Subscribe to the Blog by following these easy steps!

Weekly Update – Weather Synopsis

Weather synopsis – This week’s average temperatures were approximately 2°C cooler than normal and seven-day precipitation accumulations were above normal.  

Over the past month, precipitation was below average in Manitoba, but above average in northwest Alberta.


The map below reflects the Accumulated Precipitation for the Growing Season so far for the prairie provinces (i.e., April 1-May 17, 2017):


The map below shows the Lowest Temperatures the Past 7 Days (May 11-17, 2017) across the prairies:


Whereas the map below shows the Highest Temperatures the Past 7 Days (May 11-17, 2017):



The updated growing degree day map (GDD) (Base 5ºC, March 1 – May 14, 2017) is below:



While the growing degree day map (GDD) (Base 10ºC, March 1 – May 14, 2017) is below:


The maps above are all produced by Agriculture and Agri-Food Canada.  Growers may wish to bookmark the AAFC Drought Watch Maps for the growing season.

Wind Trajectories

THE WEEK OF MAY 15, 2017:  Wind trajectory data processing by AAFC-Saskatoon Staff began in April.  Reverse Trajectories track arriving air masses back to their point of origin while Forward Trajectories predict favourable winds expected to arrive across the Canadian Prairies for the week of May 15, 2017:

Reverse trajectories (RT)

Wind trajectories have been monitored since April 1 this year.  Wind patterns continue to be similar to previous weeks. The first graph (Fig. 1) indicates that winds from the Pacific Northwest (PNW) passed over Carman MB each day of the past week.
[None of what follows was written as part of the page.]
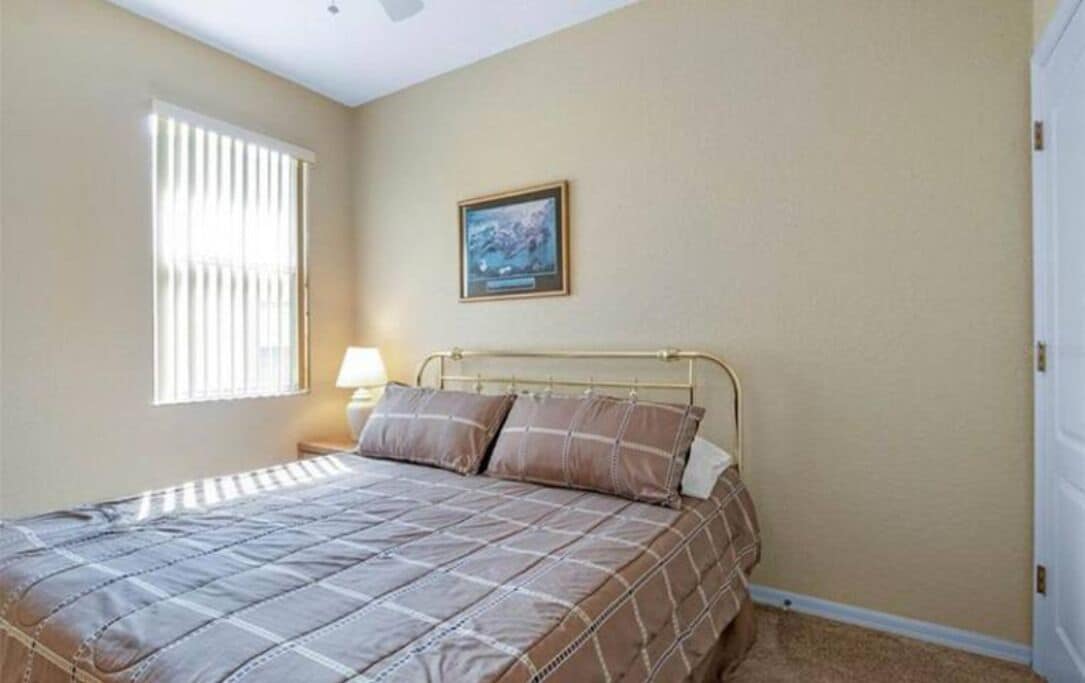 Spacious 5 Bedroom Pool Home Close to Disney World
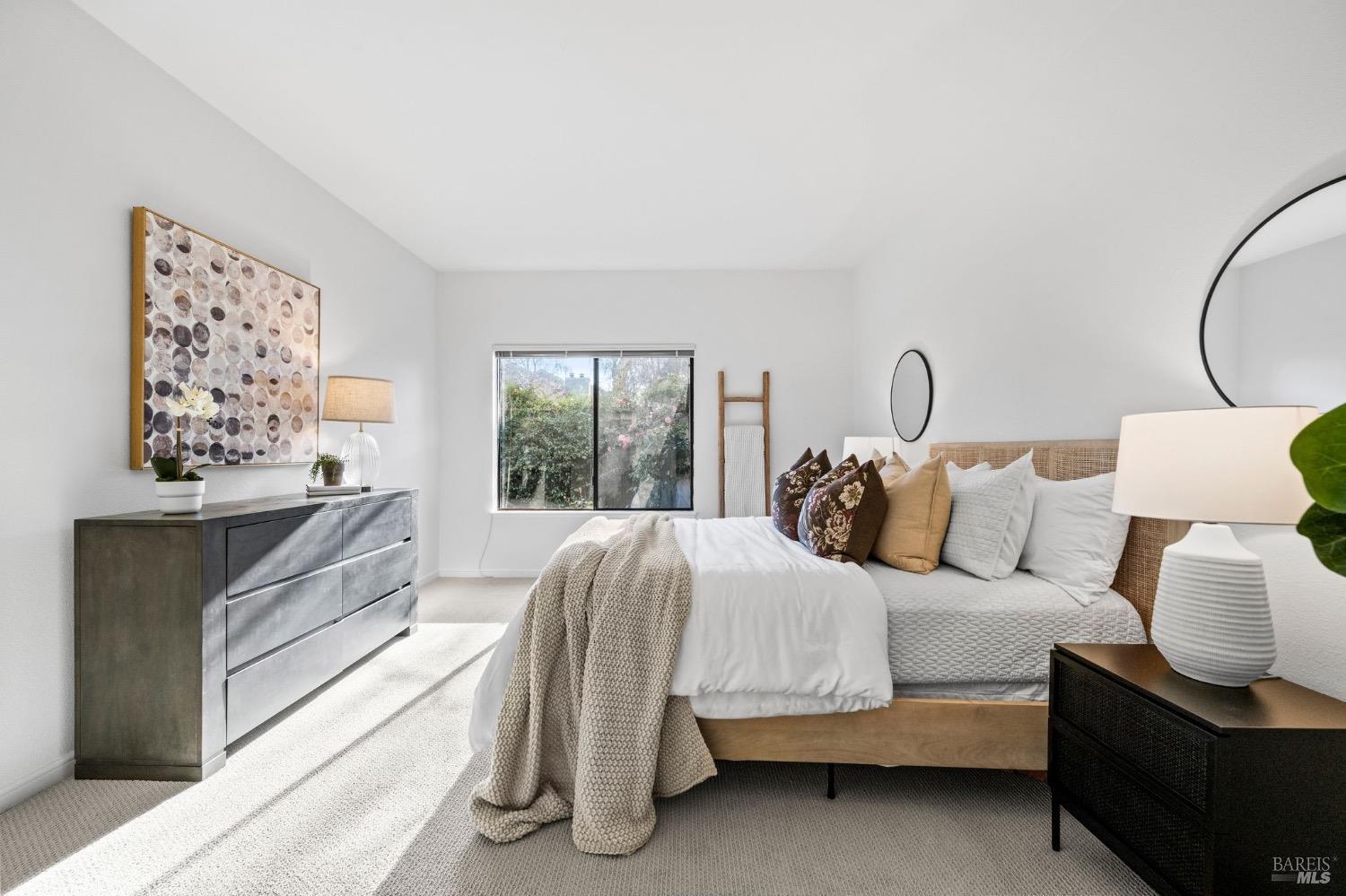 113 Eucalyptus Knoll St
Though the number of RTs increased over the past week, the overall pattern  has not changed across the prairies. 

Figure 1. Number of Reverse Trajectories (RT) originating in the Pacific Northwest that have arrived at sites across the Canadian prairies from May 9-15, 2017.



Figure 2 shows that the greatest number of RTs continue to be settling at sites across southern Alberta (e.g., areas highlighted red).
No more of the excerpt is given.